Приближение революционных событий отвлекло внимание широких кругов интеллигенции от религиозных вопросов, ее религиозно-философские настроения раздвоились и пошли по разным руслам. Наиболее проникшаяся богословскими идеями небольшая группа мыслителей, преимущественно в Москве, оставшейся вдали от событий, продолжала дело сближения философии с положительной религией, начатое братьями Трубецкими. Очень часто религиозное настроение этой группы приобретало определенный политический, именно консервативный оттенок.

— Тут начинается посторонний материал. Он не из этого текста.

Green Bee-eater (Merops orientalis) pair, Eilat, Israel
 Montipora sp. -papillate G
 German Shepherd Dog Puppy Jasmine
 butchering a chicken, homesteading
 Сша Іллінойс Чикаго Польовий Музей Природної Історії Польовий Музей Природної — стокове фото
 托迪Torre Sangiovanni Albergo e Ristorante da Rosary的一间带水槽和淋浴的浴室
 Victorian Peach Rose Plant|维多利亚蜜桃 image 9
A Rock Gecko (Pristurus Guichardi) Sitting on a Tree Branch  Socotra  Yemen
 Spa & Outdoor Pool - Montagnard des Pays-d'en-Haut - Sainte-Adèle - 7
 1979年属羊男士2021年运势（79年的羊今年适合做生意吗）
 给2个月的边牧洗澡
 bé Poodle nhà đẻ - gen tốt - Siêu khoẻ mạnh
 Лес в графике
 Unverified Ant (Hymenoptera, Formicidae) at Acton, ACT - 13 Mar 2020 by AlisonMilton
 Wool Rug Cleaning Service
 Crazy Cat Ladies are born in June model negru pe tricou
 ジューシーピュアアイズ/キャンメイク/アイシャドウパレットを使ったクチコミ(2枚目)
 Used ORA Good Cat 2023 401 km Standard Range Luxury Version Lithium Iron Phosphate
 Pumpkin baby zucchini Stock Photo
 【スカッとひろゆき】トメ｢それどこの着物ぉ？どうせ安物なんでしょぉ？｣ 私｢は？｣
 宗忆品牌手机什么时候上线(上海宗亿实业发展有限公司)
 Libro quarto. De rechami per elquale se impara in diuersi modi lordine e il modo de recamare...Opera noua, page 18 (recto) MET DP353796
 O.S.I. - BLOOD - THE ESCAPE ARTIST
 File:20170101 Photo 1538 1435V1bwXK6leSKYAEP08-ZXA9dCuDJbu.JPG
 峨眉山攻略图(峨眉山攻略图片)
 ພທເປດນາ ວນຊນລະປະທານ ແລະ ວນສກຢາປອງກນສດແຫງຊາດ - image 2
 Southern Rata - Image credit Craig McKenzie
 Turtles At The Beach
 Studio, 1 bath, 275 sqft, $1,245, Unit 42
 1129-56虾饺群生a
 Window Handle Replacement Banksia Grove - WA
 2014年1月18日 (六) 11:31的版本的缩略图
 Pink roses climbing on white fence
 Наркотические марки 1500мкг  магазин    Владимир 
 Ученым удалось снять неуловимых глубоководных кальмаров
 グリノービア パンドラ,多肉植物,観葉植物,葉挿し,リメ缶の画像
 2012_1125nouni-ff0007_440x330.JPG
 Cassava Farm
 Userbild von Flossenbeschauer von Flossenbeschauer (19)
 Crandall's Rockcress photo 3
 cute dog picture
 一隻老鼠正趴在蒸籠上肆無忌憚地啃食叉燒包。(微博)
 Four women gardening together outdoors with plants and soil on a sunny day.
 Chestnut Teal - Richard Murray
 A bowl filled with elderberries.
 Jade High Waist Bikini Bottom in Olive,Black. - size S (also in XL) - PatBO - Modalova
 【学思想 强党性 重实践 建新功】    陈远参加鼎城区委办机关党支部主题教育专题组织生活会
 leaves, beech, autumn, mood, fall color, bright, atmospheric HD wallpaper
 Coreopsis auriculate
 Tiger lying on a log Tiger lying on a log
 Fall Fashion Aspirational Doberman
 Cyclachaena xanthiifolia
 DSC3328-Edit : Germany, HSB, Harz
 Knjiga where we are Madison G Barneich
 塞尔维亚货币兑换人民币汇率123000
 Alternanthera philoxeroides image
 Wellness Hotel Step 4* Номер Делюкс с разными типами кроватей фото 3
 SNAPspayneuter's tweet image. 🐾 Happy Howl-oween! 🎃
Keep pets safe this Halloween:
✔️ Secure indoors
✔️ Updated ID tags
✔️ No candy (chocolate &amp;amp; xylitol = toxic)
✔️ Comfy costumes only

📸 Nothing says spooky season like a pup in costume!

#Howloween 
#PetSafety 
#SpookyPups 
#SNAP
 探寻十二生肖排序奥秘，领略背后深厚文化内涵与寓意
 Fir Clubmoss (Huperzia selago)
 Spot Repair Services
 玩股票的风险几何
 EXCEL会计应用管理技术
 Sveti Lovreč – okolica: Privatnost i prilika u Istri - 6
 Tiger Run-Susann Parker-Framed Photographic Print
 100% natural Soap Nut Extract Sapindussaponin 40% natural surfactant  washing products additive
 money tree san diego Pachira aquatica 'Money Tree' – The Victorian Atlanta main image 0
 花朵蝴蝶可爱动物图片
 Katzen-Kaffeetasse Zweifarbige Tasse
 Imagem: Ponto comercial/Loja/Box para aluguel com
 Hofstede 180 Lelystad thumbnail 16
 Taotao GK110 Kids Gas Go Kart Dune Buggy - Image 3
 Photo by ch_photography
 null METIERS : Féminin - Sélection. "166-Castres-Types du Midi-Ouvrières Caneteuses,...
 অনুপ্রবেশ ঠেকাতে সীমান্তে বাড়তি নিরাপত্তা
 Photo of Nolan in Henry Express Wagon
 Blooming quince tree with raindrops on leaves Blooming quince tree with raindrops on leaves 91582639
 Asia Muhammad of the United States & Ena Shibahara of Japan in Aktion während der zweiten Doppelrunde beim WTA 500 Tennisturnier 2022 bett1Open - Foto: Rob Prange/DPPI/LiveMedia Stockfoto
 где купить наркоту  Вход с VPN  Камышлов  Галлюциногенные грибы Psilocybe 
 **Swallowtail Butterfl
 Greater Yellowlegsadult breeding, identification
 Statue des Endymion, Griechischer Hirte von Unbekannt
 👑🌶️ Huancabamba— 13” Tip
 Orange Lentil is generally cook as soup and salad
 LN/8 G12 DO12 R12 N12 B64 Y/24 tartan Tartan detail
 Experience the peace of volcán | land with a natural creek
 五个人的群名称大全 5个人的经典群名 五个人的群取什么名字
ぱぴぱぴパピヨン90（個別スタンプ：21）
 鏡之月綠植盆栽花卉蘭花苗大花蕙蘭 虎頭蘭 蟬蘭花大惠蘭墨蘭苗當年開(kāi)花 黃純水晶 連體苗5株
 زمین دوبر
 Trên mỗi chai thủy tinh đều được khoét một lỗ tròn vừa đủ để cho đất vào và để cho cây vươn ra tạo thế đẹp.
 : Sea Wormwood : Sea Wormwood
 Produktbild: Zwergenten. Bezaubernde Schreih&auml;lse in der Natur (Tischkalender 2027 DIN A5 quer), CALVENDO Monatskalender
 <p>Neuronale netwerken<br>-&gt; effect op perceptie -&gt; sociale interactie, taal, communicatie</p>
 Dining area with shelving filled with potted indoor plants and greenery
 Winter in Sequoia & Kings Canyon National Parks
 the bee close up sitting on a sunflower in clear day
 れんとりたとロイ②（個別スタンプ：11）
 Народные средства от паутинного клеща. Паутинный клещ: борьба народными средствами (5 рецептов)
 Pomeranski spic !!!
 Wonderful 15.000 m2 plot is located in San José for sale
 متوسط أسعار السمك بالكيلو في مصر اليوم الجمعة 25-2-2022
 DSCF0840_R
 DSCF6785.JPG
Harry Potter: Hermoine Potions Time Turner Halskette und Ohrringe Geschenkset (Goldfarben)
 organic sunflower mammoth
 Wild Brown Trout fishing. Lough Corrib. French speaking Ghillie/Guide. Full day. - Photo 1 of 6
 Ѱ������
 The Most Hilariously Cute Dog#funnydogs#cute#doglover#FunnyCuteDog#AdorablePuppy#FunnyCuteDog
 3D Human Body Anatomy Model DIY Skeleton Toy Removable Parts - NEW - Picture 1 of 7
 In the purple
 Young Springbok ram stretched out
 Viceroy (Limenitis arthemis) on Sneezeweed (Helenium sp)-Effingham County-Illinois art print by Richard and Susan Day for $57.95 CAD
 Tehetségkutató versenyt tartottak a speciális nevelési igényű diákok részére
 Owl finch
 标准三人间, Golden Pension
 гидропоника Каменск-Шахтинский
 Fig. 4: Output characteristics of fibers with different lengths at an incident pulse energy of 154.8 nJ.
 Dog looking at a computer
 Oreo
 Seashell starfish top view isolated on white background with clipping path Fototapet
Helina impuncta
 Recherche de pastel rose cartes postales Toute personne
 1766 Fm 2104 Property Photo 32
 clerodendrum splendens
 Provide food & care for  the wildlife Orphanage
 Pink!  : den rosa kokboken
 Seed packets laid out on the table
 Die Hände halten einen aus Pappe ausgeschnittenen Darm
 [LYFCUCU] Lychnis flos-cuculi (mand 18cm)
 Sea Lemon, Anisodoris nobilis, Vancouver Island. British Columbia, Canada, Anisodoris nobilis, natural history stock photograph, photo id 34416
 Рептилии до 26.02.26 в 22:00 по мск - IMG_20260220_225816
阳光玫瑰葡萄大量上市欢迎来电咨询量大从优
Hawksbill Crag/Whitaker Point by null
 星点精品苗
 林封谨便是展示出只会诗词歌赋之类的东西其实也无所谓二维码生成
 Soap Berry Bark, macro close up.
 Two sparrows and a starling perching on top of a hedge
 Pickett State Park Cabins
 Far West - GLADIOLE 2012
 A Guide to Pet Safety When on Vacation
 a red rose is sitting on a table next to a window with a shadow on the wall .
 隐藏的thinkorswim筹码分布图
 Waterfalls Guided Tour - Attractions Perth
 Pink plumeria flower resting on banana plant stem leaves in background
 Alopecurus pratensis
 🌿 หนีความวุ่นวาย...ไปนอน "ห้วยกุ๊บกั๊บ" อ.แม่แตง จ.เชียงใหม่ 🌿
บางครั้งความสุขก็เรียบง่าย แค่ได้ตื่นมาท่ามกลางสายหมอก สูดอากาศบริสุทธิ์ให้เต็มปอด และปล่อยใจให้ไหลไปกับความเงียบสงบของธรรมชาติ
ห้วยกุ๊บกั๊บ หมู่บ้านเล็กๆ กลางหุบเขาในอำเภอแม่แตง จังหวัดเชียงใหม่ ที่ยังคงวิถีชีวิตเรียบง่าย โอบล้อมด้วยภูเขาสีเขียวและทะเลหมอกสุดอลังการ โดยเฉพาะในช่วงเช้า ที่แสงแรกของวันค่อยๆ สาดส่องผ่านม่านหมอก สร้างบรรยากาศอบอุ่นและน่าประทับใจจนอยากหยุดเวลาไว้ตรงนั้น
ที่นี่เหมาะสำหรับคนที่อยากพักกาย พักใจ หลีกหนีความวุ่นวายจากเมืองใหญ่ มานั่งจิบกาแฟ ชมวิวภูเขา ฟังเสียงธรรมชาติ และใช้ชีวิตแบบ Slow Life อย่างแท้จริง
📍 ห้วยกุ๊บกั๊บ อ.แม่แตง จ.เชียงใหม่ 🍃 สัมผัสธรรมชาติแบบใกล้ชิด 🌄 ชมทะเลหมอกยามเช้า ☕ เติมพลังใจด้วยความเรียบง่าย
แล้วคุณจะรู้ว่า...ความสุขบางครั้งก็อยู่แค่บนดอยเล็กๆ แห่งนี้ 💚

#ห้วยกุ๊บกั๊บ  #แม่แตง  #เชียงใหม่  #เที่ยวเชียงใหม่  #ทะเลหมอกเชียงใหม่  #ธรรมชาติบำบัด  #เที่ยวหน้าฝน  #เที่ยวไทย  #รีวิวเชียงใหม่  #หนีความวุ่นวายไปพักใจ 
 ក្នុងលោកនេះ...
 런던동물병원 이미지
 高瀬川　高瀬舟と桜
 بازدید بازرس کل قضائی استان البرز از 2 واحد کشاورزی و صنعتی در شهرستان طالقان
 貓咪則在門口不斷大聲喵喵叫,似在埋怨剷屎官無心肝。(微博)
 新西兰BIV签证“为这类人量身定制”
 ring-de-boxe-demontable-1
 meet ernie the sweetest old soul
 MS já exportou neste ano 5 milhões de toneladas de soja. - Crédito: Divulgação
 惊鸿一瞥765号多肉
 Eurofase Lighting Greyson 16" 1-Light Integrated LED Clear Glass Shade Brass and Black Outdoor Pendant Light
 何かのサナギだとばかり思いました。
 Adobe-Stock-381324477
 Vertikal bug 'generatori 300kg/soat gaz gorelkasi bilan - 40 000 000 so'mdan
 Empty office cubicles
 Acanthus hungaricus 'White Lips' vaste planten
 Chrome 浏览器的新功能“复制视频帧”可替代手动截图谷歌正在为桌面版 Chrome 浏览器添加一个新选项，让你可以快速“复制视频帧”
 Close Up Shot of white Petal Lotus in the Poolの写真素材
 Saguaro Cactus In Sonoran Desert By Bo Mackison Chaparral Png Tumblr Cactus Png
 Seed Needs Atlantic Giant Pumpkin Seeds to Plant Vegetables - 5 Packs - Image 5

Другое течение, напротив, стало ближе к политической борьбе и в то же время повело себя свободнее в области религиозно-философского новаторства. Оно нашло особенно яркое выражение в Петербурге, где по инициативе Мережковских было организовано в 1902 г. «Религиозно-философское общество», привлекавшее в течение двух следующих лет большое внимание интеллигенции.
Ф. М. Достоевский
У обоих упомянутых течений были свои предшественники в XIX в. Такими оказались два великих русских писателя – Достоевский и Толстой. Оба были самоучками в богословии, и обоих поэтому нельзя ввести в цепь развития русской светской богословской мысли. Но они сделали чрезвычайно много для распространения в умах как интеллигенции, так и более широких кругов религиозных настроений. Влияние Достоевского, проявившего склонность вернуться к традиционной церковности, обнаружилось, главным образом, уже после его смерти. Напротив, влияние Толстого, отошедшего далеко от православия и навлекшего на себя – в известном смысле вполне правильно – отлучение Синода, было прижизненным. Оно шло далеко за пределы так называемого «толстовства», – с одной стороны, в ряды русского сектантства, с другой, – в международные круги, увлеченные демократизмом и рационализмом его морали. В дальнейшем это воздействие должно было ослабеть, ибо учение Толстого было, прежде всего, слишком индивидуально, а затем, по своим предпосылкам, по своему отрицанию божественности Христа и бессмертия души, не говоря уже об отрицании таинств и церковности, выходило уже слишком далеко за пределы того, что было доступно для «богоискательства», остающегося на почве откровенной религии.